Multi-model routing (cost/quality optimization per stage)
DSPy over raw prompting (programmatic, testable, typed)
Separate data models for coach vs AI plans (data integrity)
PEG grammar for prescription validation (no garbage in)
Vector-based exercise search over keyword search (semantic understanding)

8. Potential Curveball Questions

"Why not just fine-tune a model on coach plans?"

"Fine-tuning requires significant data volume and compute. We had a growing but limited corpus of coach plans. LLM orchestration with structured outputs gave us production-quality results faster, with the flexibility to swap models as better ones became available."

"How do you prevent the AI from generating dangerous exercises?"

"Three layers: (1) Injury constraint parsing identifies affected joints and movement restrictions, (2) Joint stress calculation estimates cumulative loading per session, (3) Exercise library matching ensures only known, vetted exercises are included."

"What happens if the LLM generates garbage?"

"Structured outputs via Pydantic enforce schema compliance. The prescription DSL rejects malformed formats at parse time. Exercise names get matched against the canonical library — unrecognized exercises are flagged."

"How did you handle latency for plan generation?"

"Plan generation is async — the agent server uses WebSocket to stream progress updates to the client. The multi-stage approach means each stage can complete and save independently. We used Claude Haiku for the highest-volume parsing stage specifically because it's fast and cheap."

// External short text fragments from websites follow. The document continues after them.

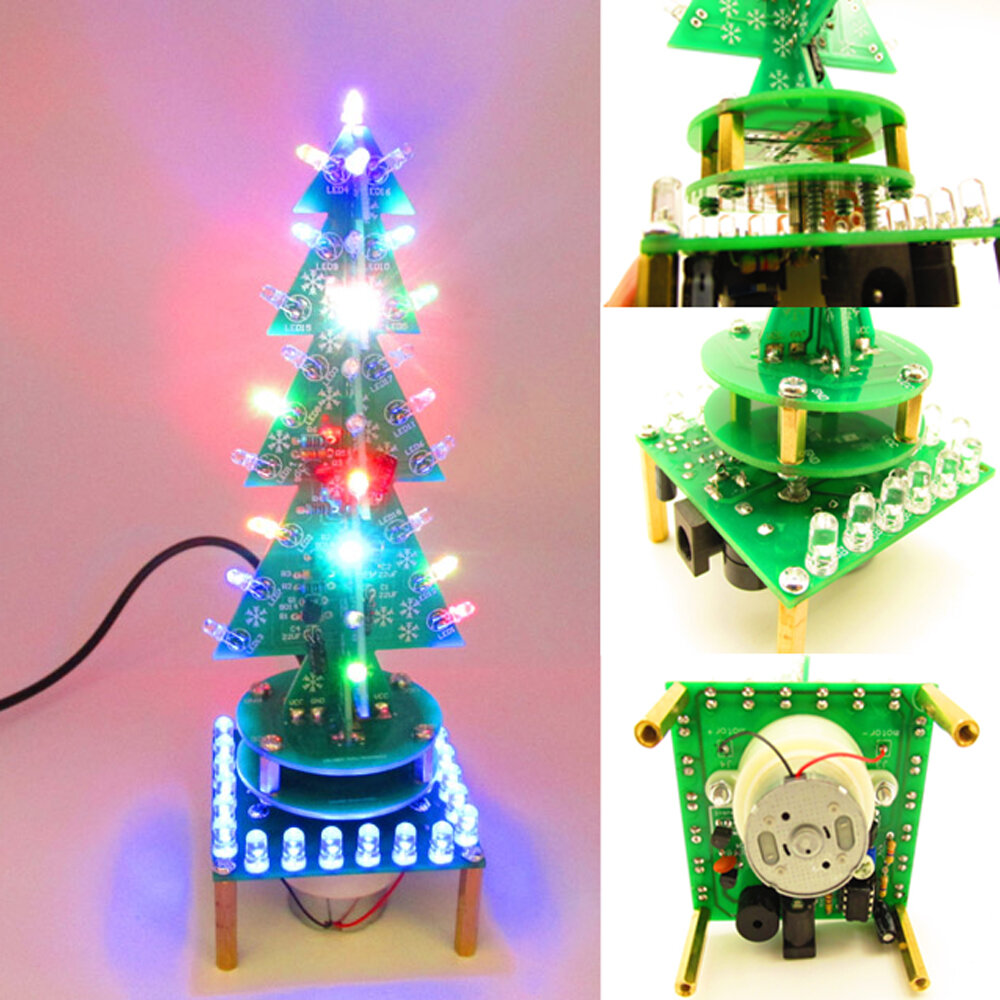Geekcreit? DIY Rotating Colorful Muziek Kerstboom LED Knipperlicht Kit Elektronische DIY-productie-o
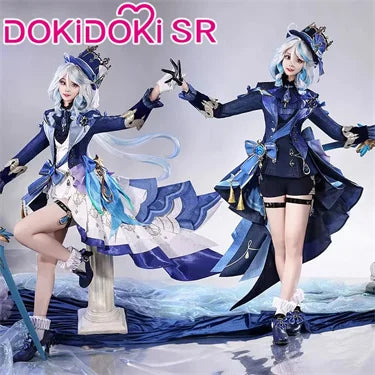 IN STOCK Focalors Furina Hat Game Genshin Impact Cosplay DokiDoki Fontaine Furina Hydro Women Blue Hat Metal Accessories Cosplay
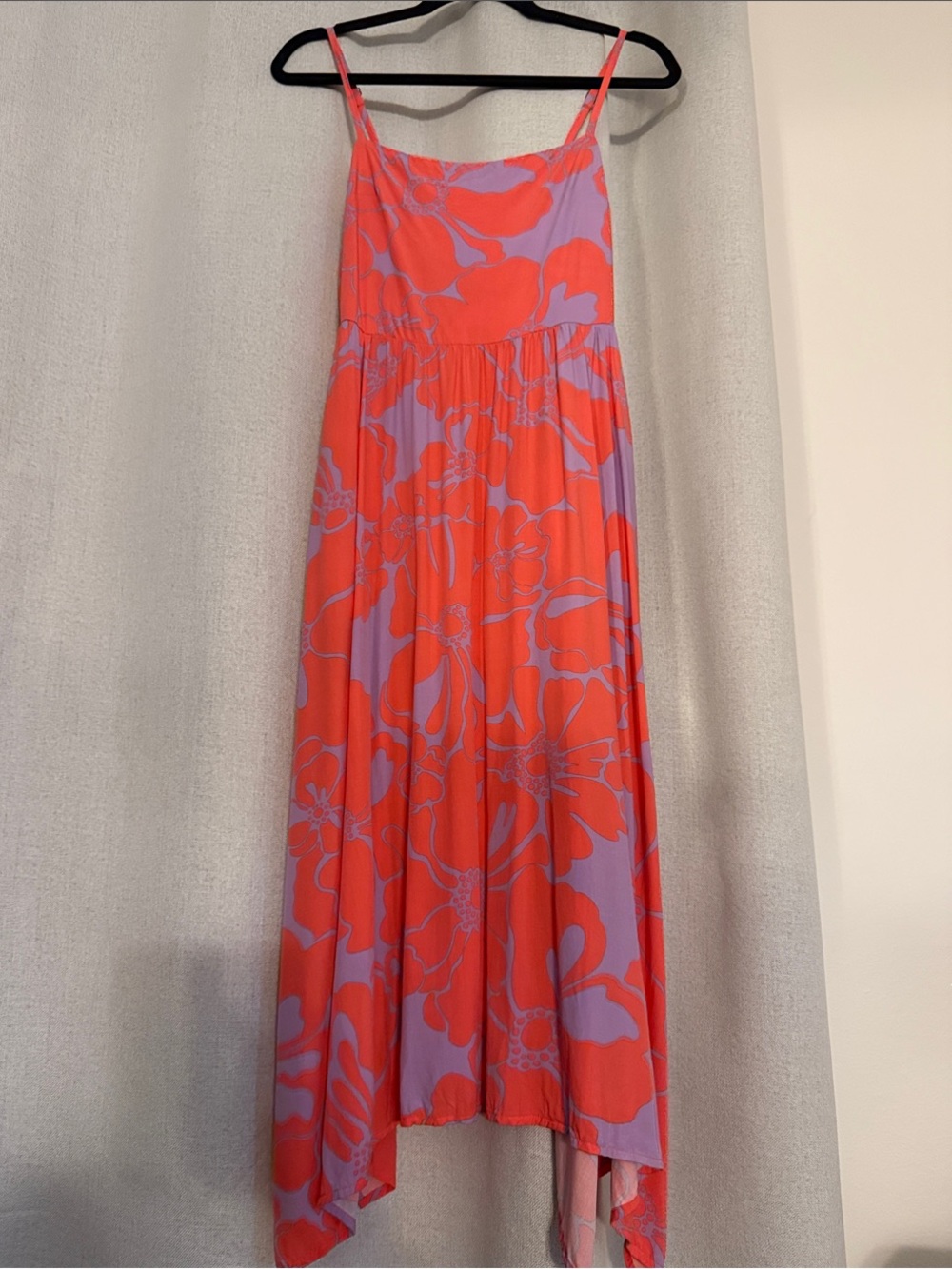 GAP Coral and Lavender Floral Handkerchief Dress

"What's DSPy and why did you choose it over LangChain?"

"DSPy treats LLM calls as typed, composable modules rather than prompt templates. It gives you programmatic control — you define signatures (input/output contracts), and DSPy handles the prompting. Unlike LangChain's chain-of-prompts approach, DSPy is closer to traditional software engineering: typed interfaces, testable modules, and the ability to optimize prompts algorithmically."

"How did you decide which model to use for each stage?"

"Empirical testing. We tried different models at each stage and evaluated outputs. Planning needs strong reasoning and long context → Grok-4. Session generation needs good structured output → Claude Sonnet. Prescription parsing is a simpler extraction task → Claude Haiku (fast, cheap, sufficient). The settings.toml config made it easy to swap and test."